Initial antimicrobial treatment for bacteraemia is often based on the results of the gram stain from a positive blood culture, with confirmatory culture results and susceptibilities available within 24-48 hours. Empirical treatment with glycopeptides is common, resulting in undesirable selection pressures for the development and spread of vancomycin resistance as well as colonisation or infection by organisms such as vancomycin-resistant Enterococci. Although vancomycin is indicated for methicillin-resistant S. aureus (MRSA) bacteraemia, it is less effective for methicillin-susceptible S. aureus (MSSA) bacteraemia than β-lactam antibiotics but the latter are often only commenced once methicillin-susceptible status is known. Therefore, the rapid identification of MSSA/MRSA bacteraemia not only allows clinicians to switch to a more appropriate and effective treatment regime earlier, but also potentially decreases in-hospital transmission of MRSA by expediting initiation of appropriate infection control measures.

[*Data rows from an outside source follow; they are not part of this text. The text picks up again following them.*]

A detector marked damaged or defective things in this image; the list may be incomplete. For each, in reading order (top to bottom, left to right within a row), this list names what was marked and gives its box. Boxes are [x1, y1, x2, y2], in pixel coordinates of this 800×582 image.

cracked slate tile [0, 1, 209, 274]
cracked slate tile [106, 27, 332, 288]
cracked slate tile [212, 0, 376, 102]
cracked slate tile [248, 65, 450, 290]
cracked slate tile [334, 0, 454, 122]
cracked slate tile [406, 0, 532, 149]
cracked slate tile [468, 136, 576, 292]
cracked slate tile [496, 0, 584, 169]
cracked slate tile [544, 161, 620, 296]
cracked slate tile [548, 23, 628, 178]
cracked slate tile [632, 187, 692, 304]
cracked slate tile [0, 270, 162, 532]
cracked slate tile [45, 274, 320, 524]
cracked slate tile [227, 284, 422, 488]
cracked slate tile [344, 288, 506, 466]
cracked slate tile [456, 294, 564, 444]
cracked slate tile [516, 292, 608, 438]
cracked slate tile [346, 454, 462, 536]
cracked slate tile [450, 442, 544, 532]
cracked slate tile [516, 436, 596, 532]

The challenge is to provide this information in real-time as blood cultures signal positive rather than as a batched process. Many molecular methods developed for this purpose are unable to be performed out of routine working hours due to costs and processing time required. The BD MAX™ provides a simplified molecular platform with minimal hands on time that would technically allow processing of positive blood cultures as they signal.
We assessed the application of using the BD MAX™ Staph SR kit with 200 consecutive positive blood cultures, which demonstrated gram positive cocci resembling staphylococci on gram stain, to rapidly identify MRSA and MSSA, and compared these results to culture.
Initial results indicate that 12.5% of the clinical blood cultures tested using the BD MAX™ Staph SR were positive for MRSA, with a further 8.3% identified as MSSA. The remaining 79.2% were negative for all targets (except the SPC target). No discrepant results were noted when compared to culture. Less than 5 min hands on time was required to achieve results (obtained within 2 h) and the process is easily incorporated into blood culture processing.